Biotopverbundplanung und Generalwildwegeplan berücksichtigt?
Unklar ist, wie die Flächen der soeben verabschiedeten Biotopverbundplanung, z.B. der Stadt Leonberg, berücksichtigt werden. Es darf nicht sein, dass diese neu erarbeiteten Maßnahmen, deren Planung mit öffentlichen Mitteln gefördert wurde, durch eine Windkraftanlage entwertet werden.
Beim Generalwildwegeplan, dessen Ziel eine lückenlose und zerschneidungsfreie Verbindung der Lebensräume ist, darf keine Unterbrechung durch eine Windkraftanlage erfolgen.

Schutzgebiete

Schutz von Natura-2000-Gebieten mit Umfeld
Flächen im Umfeld der Natura-2000-Schutzgebiete dürfen nicht als Vorranggebiete ausgewiesen werden, bevor die Verträglichkeitsprüfungen durchgeführt wurden (Vorsorgeprinzip).

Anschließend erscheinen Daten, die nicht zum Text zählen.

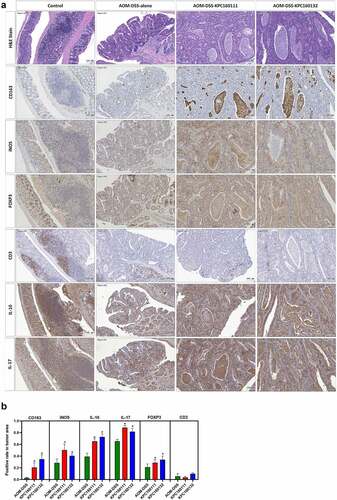 Figure 4. Intratumoral distribution of immune cells in AOM-DSS mice with and without ST11 K. pneumoniae co-administration. (a) Consecutive sections of Swiss colon rolls were subjected to H&E stain and were immunostained with specific antibodies against CD163, iNOS, Foxp3, CD3, IL-10, and IL-17. Representative images from the control or the AOM-DSS mice, which were treated alone (middle-left panel) or co-administrated with KPC160111 (middle-right panel) or KPC160132 (right panel), are presented. (b) The rates of cells with positive signals for each of the antibodies were quantified by HistoQuest Software at a high-powered field in 5 randomly selected areas in each of the tumors or corresponding control regions. Data are presented as mean ± SD (n = 30 in each group). P values were determined by two‐tailed Student’s t-test between AOM‐DSS-alone and AOM-DSS-KPC160111 or AOM-DSS-KPC160132. * P < .05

Schutz von Streuobstbeständen
Vor dem Hintergrund der Einigung von Landwirtschafts- und Naturschutzverbänden sowie innerhalb der Landesregierung wurde im Juli 2020 im Landtag das Biodiversitätsstärkungsgesetz verabschiedet.
Ein Konsenspunkt war und ist der Schutz von Streuobstbeständen ab einer Mindestgröße von 1.500 Quadratmetern über den neuen §33a LNatSchG. Wir gehen pauschal davon aus, dass dieser Schutzstatus bei Windkraftplanungen berücksichtigt und stark gewichtet wird und keine geschützten Streuobstbestände für Windkraftanlagen gerodet werden.